Joe Rooney

Personal information
- Born:: August 28, 1898 Saskatoon, Saskatchewan, Canada
- Died:: March 4, 1979 (aged 80) St. Louis County, Minnesota, U.S.
- Height:: 6 ft 0 in (1.83 m)
- Weight:: 177 lb (80 kg)
- Position:: End / Tackle

Career history
- Duluth Kelleys (1923–1924); Rock Island Independents (1925); Duluth Eskimos (1926–1927); Pottsville Maroons (1928); Chicago Cardinals (1929);
- Stats at Pro Football Reference

= Joe Rooney (American football) =

Canadian gridiron football player (1898–1979)

Joe Rooney was one of three Rooney brothers starting for the NFL's Kelley-Duluth team in 1924.

Joseph Patrick Rooney (August 28, 1898 – March 4, 1979) was a Canadian-born American professional football player.
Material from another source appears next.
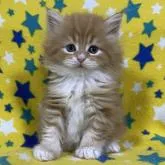 サイベリアン【山梨県・男の子・2022年9月7日・レッドタビー&ホワイト】の写真1「11月1日撮影動くぬいぐるみみたい🧸💓」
After attending high school in Virginia, Minnesota, Rooney made his professional debut in the early years of National Football League (NFL) in 1923 for the Kelley–Duluth club. He played for the Kelleys, Duluth Eskimos, Chicago Cardinals, Pottsville Maroons and Rock Island Independents during his 7-year career.